Interesting little note from that:

"I learned later that he would be sitting in his office in New York and he'd suddenly wonder how things were getting along in L.A. He would tell his secretary, "I'm going to L.A." He would go to the airport, just walk on a plane, and fly out without a shaving kit, pajamas or anything. Then he would take a look around and catch another plane back."

I doubt many company presidents are taking that sort of approach anymore.



I know of British Airways executives who flew from London to New York on Concorde only to attend meetings from which they returned again the same day without having left the airport.


I've done Heathrow -> Dulles -> meeting in Sterling, VA -> Dulles -> Heathrow same day. It's not fun, but it's also not that unusual, even without the Concorde.

UK -> US east coast works reasonably well that way, given that the flight is 5-6 hours, and 5 hour time difference, so you can get on a flight early morning from London, arrive early morning at the east coast, have your meeting and catch an evening flight back out which'll arrive back in the UK in the morning local time.

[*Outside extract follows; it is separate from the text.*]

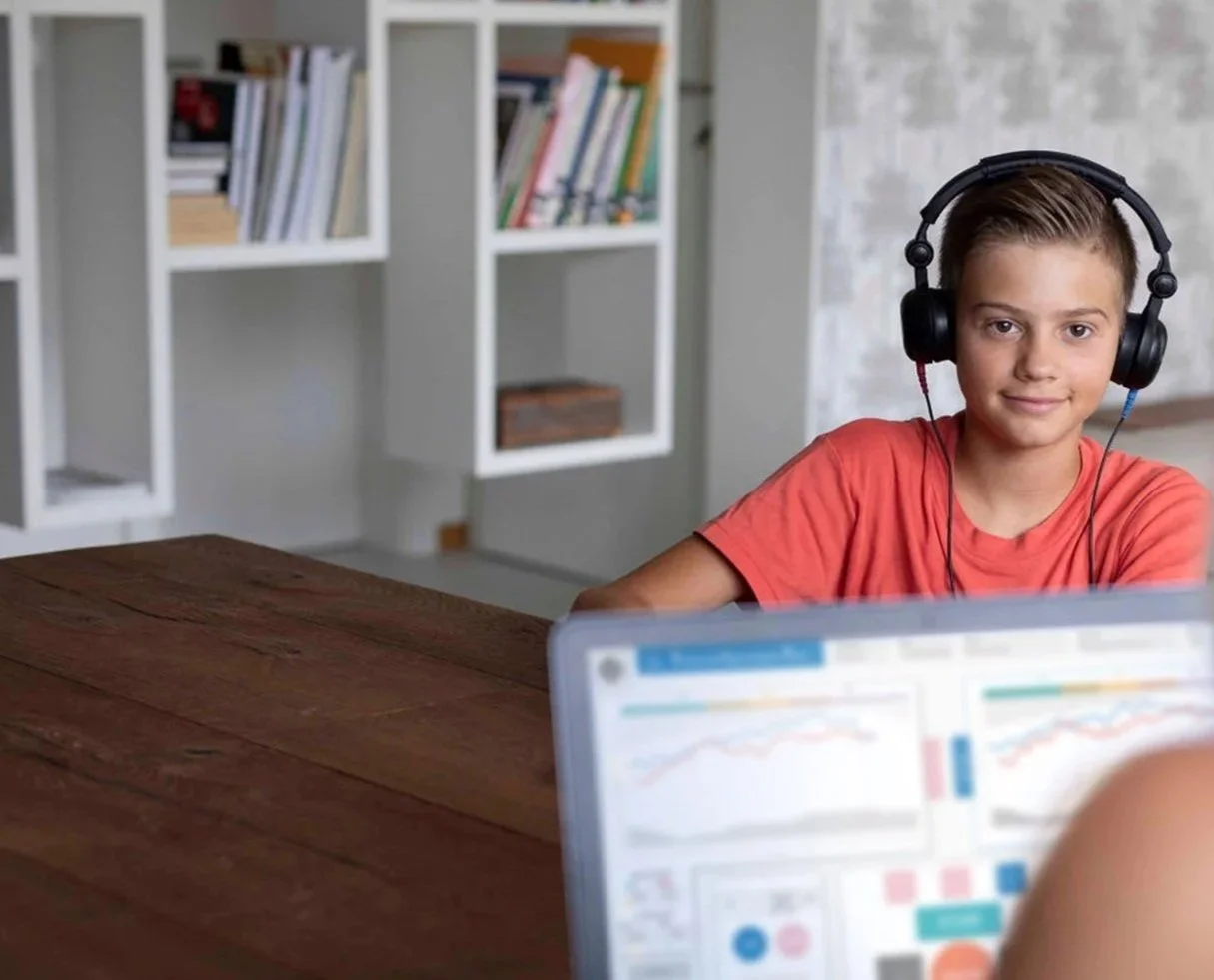 Listening Test with The Sound Teacher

Granted, I'm not in the same boat as exec's, but I'm a student and have had dealings with people from other universities in the UK (I'm irish), and I have flown, met them in airport hotels, and flown home same day or first flight following morning.


Flying UK-Ireland takes less time than most intercity train journeys, so that is not surprising.


Yeah but New York => LA is over 5 hours. Is there any flight from Ireland to the UK that takes more than 1:30?


> I doubt many company presidents are taking that sort of approach anymore.

That's why they buy a jet with company money now.


Sure, but how often do they just decide, on a lark, to go check out how operations are going at one of their sites on the other side of the country?


It depends on the executive, but I would say it's not uncommon. Perhaps not on a lark, but because something pops up at the last minute. This portion of Walter Isaacson's Steve Jobs biography comes to mind:

> Early in his tenure, Cook was told of a problem with one of Apple's Chinese suppliers. "This is really bad", he said. "Someone should really be in China driving this." 30 minutes later he looked at an operations executive sitting at the table and unemotionally asked, "What are you still doing here?" The executive stood up, drove directly to San Francisco Airport, and bought a ticket to China.


That's not even remotely similar.


Known as 'management by walking about' in the UK and fairly common (small, densely populated country).


We do NY -> LA -> meeting -> red eye back to NY on a "regular" basis. It works out great if you're able to sleep on a plane.